- _Work request_
Please retype the data in full and exactly; the pictures are not part of the copy.

- _Provided material_

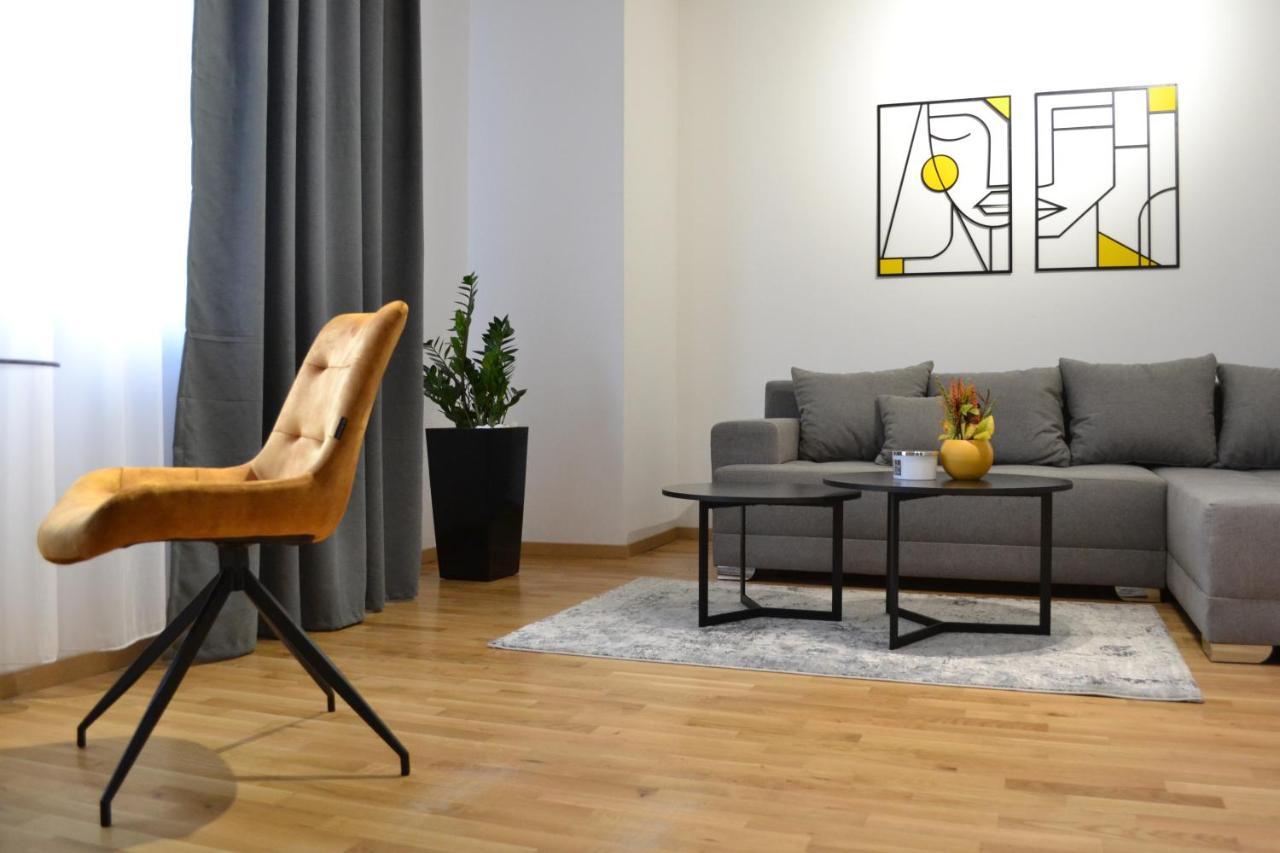 Elite Central Suites Skopje Eksteriør billede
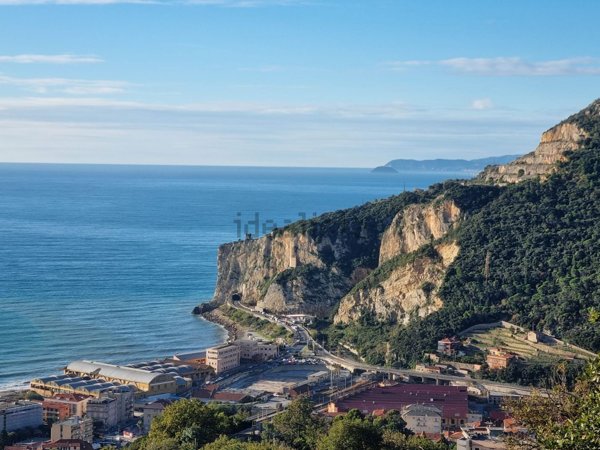 casa indipendente in vendita a Finale Ligure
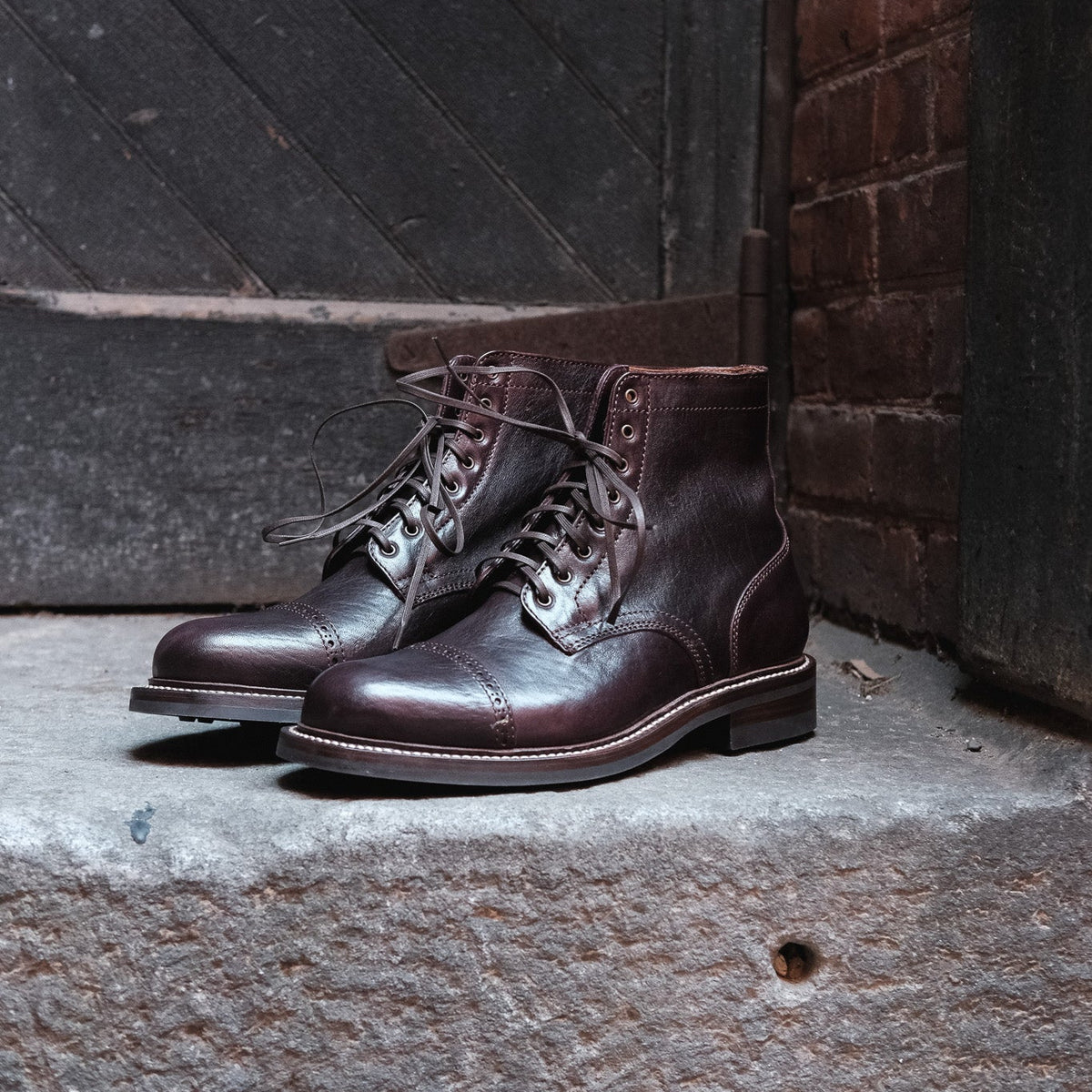 Foxhall - Burgundy Aspen Horsefront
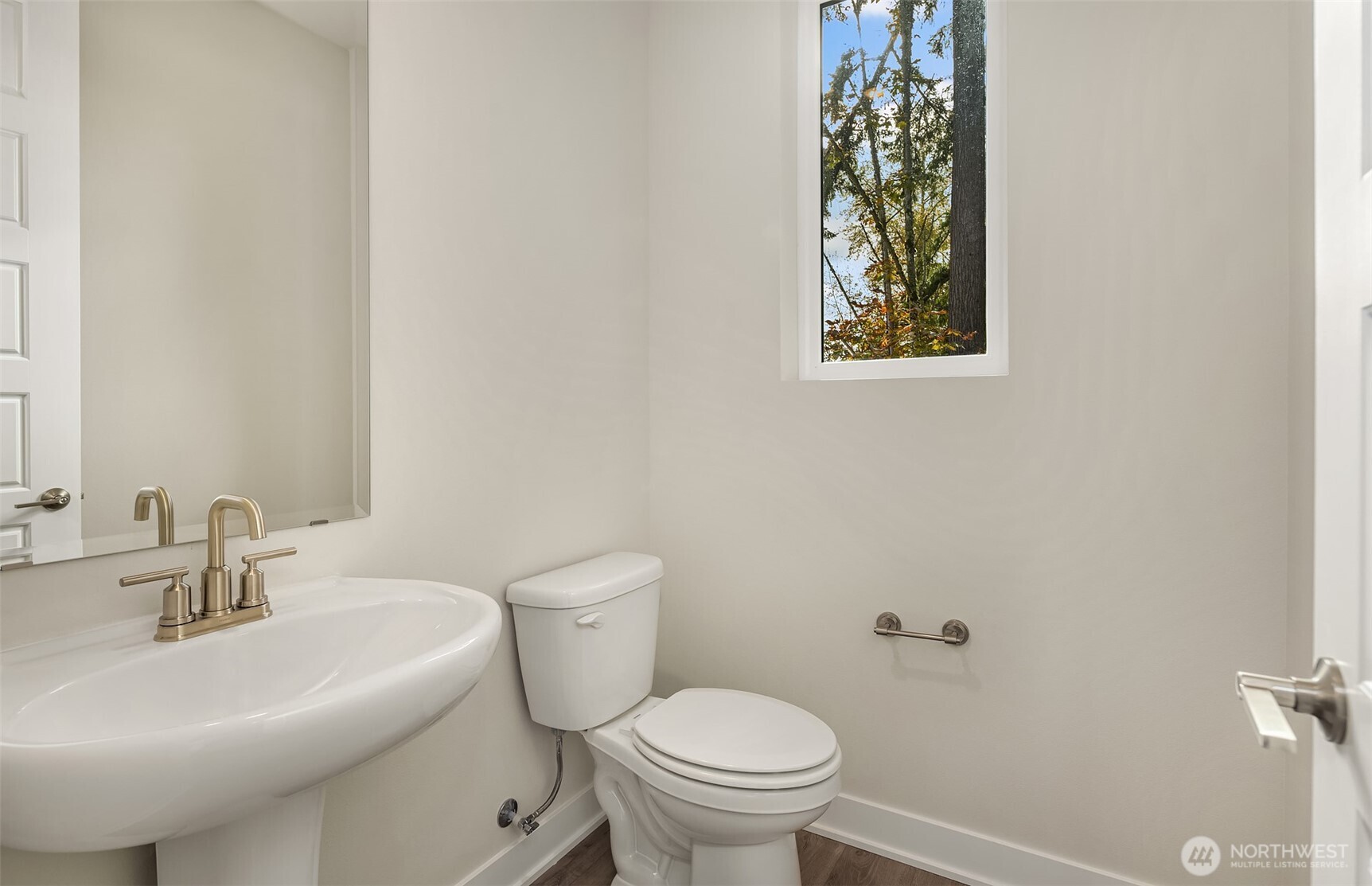 9016 Northeast 203rd Street, Unit B Bothell, WA 98011 - Photo 8 of 19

- _Response below_
 Elite Central Suites Skopje Eksteriør billede
 casa indipendente in vendita a Finale Ligure
 Foxhall - Burgundy Aspen Horsefront
 9016 Northeast 203rd Street, Unit B Bothell, WA 98011 - Photo 8 of 19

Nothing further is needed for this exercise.